Zombieland: tiro de gracia, el apocalipsis zombie en tono de sitcom

Zombieland: tiro de gracia, el apocalipsis zombie en tono de sitcom

Por: Marco González Ambriz

Zombieland: tiro de gracia no está al nivel de la primera entrega, pero es entretenida y tiene varios momentos divertidos. Sorprende además encontrar una película de zombies con un elenco repleto de actores galardonados.

Las películas de zombies, e incluso las comedias de terror con zombies, estaban lejos de ser una novedad cuando se estrenó Zombieland en 2009. Era además el primer largometraje de Ruben Fleischer, aunque eso no fue ningún obstáculo para que se posicionara como una de las favoritas entre los fans del subgénero, todo a base de ingenio y buena manufactura.

Diez años después Fleischer está en una situación más compleja, pues encontrar algo inédito en el género de zombies es todavía más difícil después de diez temporadas de The Walking Dead y todas las películas de muertos vivientes que se han filmado desde entonces. Aún con ayuda de los guionistas originales, Rhett Reese y Paul Wernick, a los que se une Dave Callahan, se veía cuesta arriba hacer una secuela que sí valiera la pena, a diferencia de muchas que se han estrenado últimamente.

Desde un inicio esta segunda parte sigue la misma dinámica de Zombieland, con la voz en off de Jesse Eisenberg, en el papel de Columbus, que explica las reglas de los zombies, pues es de sobra conocido que no son lo mismo los torpes caníbales de George Romero que los velocistas de Danny Boyle. De este modo Zombieland 2 plantea nuevas variantes en la taxonomía del cadáver ambulante que sirven para refrescar un poco la trama.

Por lo demás Fleischer reconoce desde los créditos que no le interesa descubrir el hilo negro. En 2009 Zombieland abría con el apocalipsis zombie resumido a ritmo de Metallica, para la secuela la película de nuevo arranca con música del mismo grupo (de la etapa anterior al disco negro, bendito sea Dios) y el resto de la cinta repite muchos otros elementos de la entrega previa.

El mejor ejemplo es la dinámica entre los cuatro personajes principales, tan familiar que por momentos nos recuerda a un sitcom en su cuarta o quinta temporada. Los guionistas agregan a un nuevo personaje, una rubia ingenua interpretada por Zoey Deutch, que se interpone en la relación entre Columbus y Wichita, aunque esto dura poco. De cualquier manera, Deutch es de lo mejor que tiene Zombieland 2 y esto tiene más que ver con el trabajo de la actriz que con sus diálogos.

Si en 1985, cuando se estrenó El regreso de los muertos vivientes, alguien nos dijera que llegaría el día en que una cinta con el mismo tema tendría como actores principales a una ganadora del Óscar y a otros tres nominados al máximo galardón que Hollywood se da a sí mismo, los fans del terror le responderíamos que eso sólo sucedería si esos cuatro actores estuvieran en el declive de sus carreras.

En décadas anteriores sería inconcebible que Emma Stone estuviera nominada a un Óscar por La favorita y casi de inmediato apareciera en una película de zombies tan irreverente y sangrienta como Zombieland 2. Las cosas sin duda han cambiado en Hollywood, aunque por otro lado los nostálgicos del terror ochentero pueden lamentar que en el camino se perdió esa carga transgresora que tenía el género.

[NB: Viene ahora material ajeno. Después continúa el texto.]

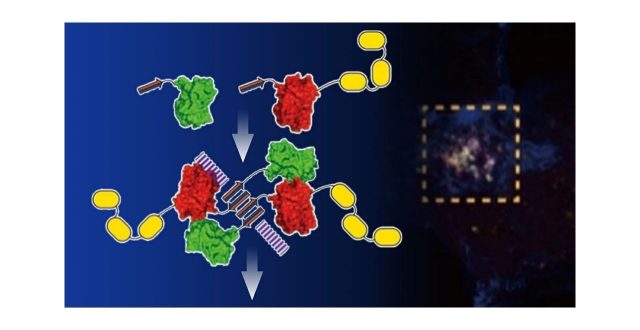 In a Supramolecular Realm: Advances in Intracellular Spaces with De Novo Designed Peptide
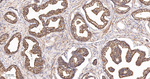 BID Antibody in Immunohistochemistry (Paraffin) (IHC (P))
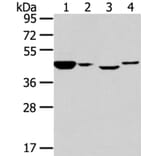 CHGA Antibody from Signalway Antibody (40307) - Antibodies.com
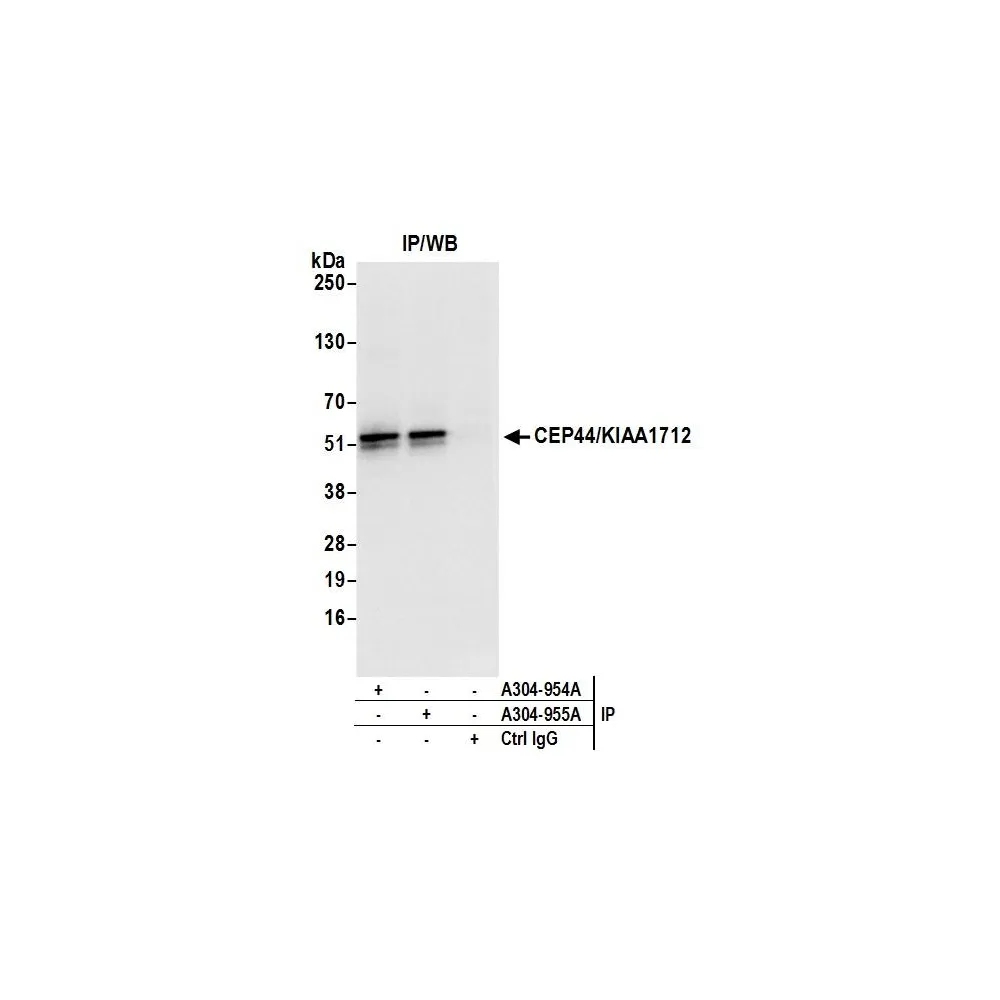 Rabbit anti-CEP44/KIAA1712 Antibody, Affinity Purified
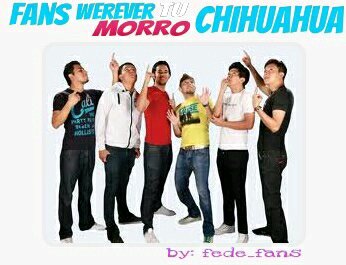 Club OFICIAL de @werevertumorro en chihuahua...en esta página te enterarás de todas las novedades de werevertumorro siguenos!!! // Follow de Gabo: 24/03/13
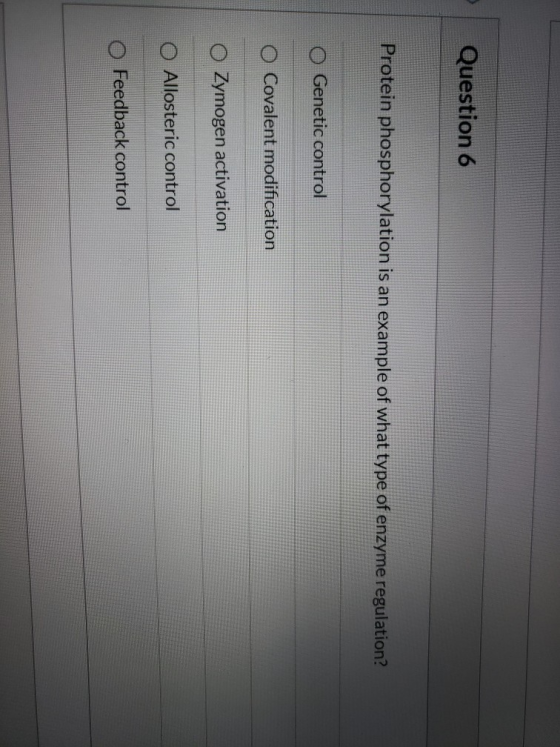 Question 6 Protein phosphorylation is an example of what type of enzyme regulation? Genetic control Covalent modification O Z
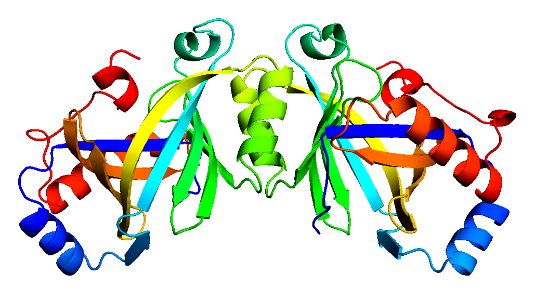 Plague Enzyme Structure (5880495581)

Es inevitable imaginar lo que habrían podido hacer en su momento George Romero o Tobe Hooper con el mismo presupuesto y promoción de las que goza Ruben Fleischer hoy en día. Sin duda la parodia de la generación Z sería más incisiva y tal vez no sería necesario recurrir al trazo grueso en algunos de los chistes, como cuando Columbus y Tallahassee conocen a sus dobles.

Sea como sea, eso no debe ser un impedimento para disfrutar de una secuela que no está a la altura de la original pero que tampoco resulta ofensiva para los fans de los zombies.